For most of us our hearts beat very regularly with the occasional extra beat. However, patients who have atrial fibrillation experience constant irregular heartbeats. What is happening is that the heart’s electrical system is out of whack. Instead of sending organized signals to cause heart muscle contraction, the electrical generator in the left atrium (called the AV node) fires off multiple signals all at once and the ventricle starts beating chaotically. Sometimes the signals can originate in other areas of the heart.
The end result is that the left atrium does not beat effectively, causing about a 25% loss of blood output. Also, since the blood doesn’t really move that well in such an atrium, clots can be formed. If a clot makes it out of the left ventricle, it can wreak havoc, especially in the brain. A stroke results if the clot blocks enough blood supply in a brain artery to kill off brain cells.
Several medications are available, which either will slow the heart rate down or try to convert the irregular beats into a normal pattern. Other medications are often used to thin the blood, so that clots won’t develop. Unfortunately, all of these medications have significant side effects, at times even deadly.

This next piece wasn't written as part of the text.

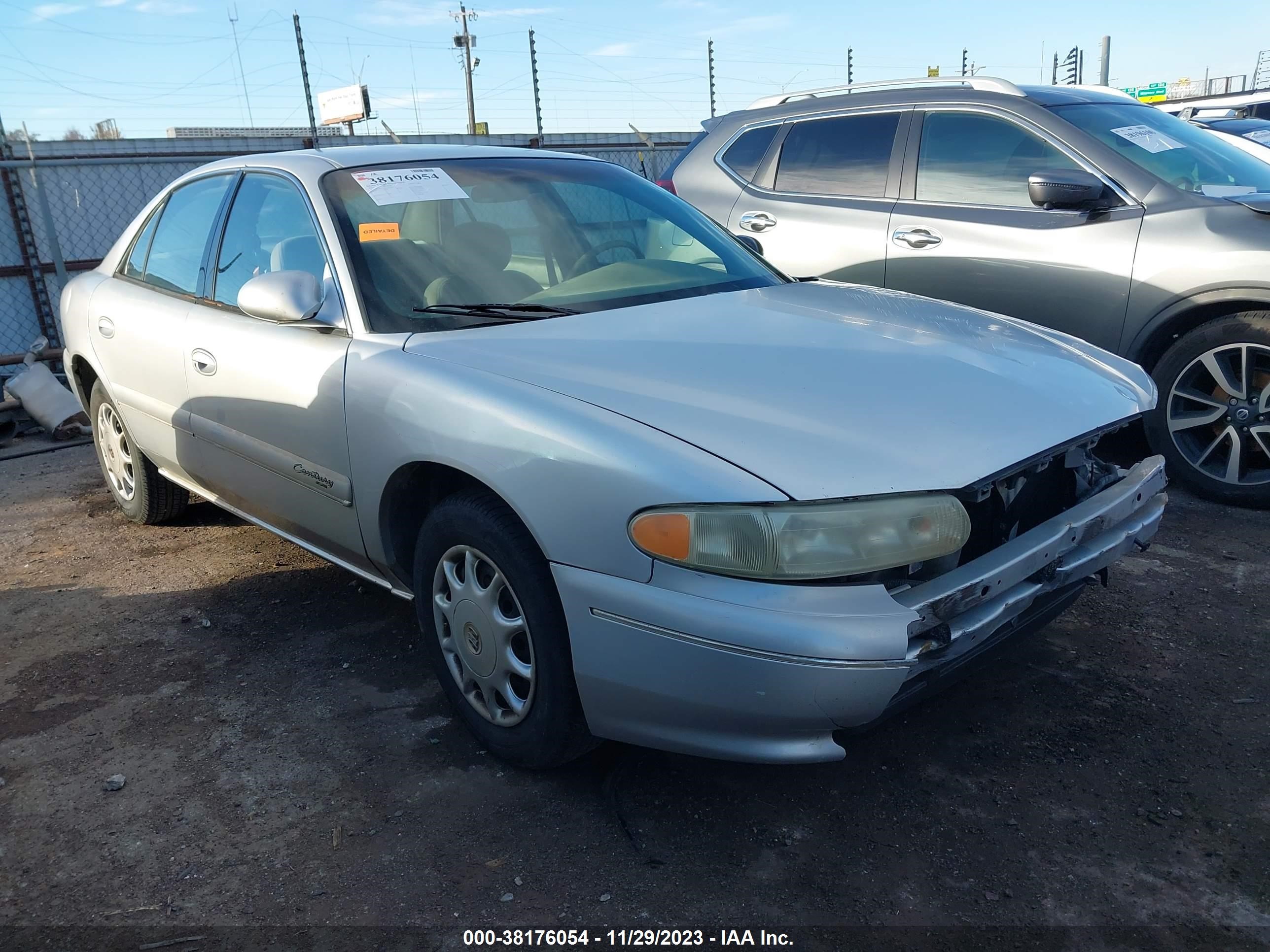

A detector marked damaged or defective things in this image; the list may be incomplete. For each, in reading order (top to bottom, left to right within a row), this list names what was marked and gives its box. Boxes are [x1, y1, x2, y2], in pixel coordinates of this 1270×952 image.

damaged front bumper [551, 459, 1163, 766]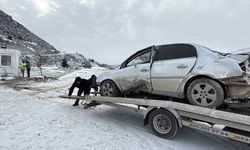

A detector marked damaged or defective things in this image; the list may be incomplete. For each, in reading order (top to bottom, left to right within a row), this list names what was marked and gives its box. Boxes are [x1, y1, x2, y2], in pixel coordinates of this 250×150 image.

damaged white car [96, 43, 250, 108]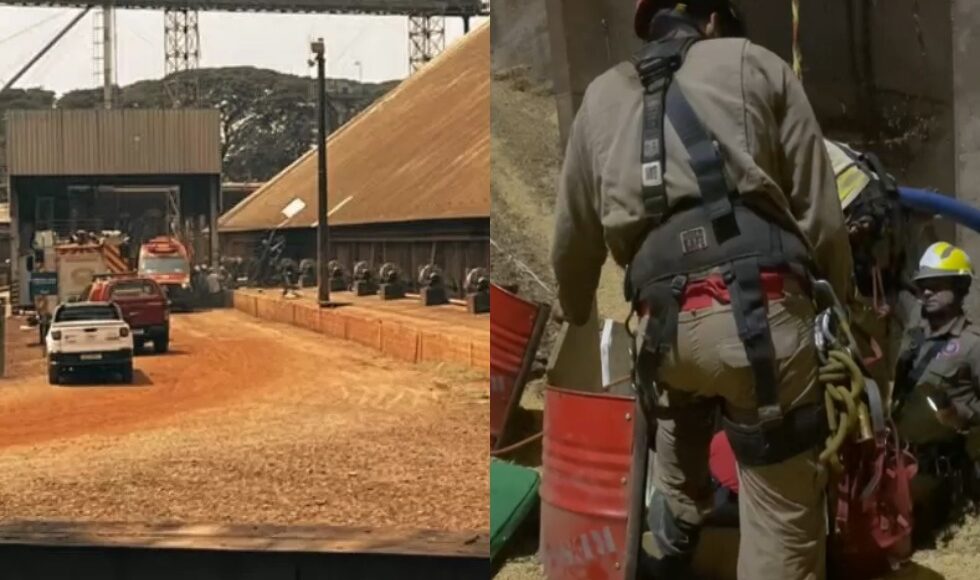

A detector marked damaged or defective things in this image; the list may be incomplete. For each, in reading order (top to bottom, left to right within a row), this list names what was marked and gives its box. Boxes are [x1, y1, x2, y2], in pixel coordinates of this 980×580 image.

For certain patients, catheter ablation is used to permanently disable the rogue heart generator and thus allow for a regular heart rhythm. The offline generator or generators are located by electrically mapping the heart. A high energy current is then directed at the suspicious area .
However, as in any treatment, success is not 100%. A recent study looked at the benefits of a diet high in antioxidants such as red wine and fruit. It turns out that for those individuals who consumed such a diet, the risk of returning to atrial fibrillation after catheter ablation was significantly lower compared with those who did not take in a high level of antioxidants.
Now before you go out to the health store and buy antioxidants, remember the following: This is only a single study and needs to be reproduced before blanket recommendations can be made. It applies only to the risk of recurrent atrial fibrillation after catheter ablation. Also,a diet high in antioxidants is not the same as taking antioxidant tablets. In fact, there is some data that in some cases antioxidant tablets such as Vitamin A may actually increase the risk of certain cancers.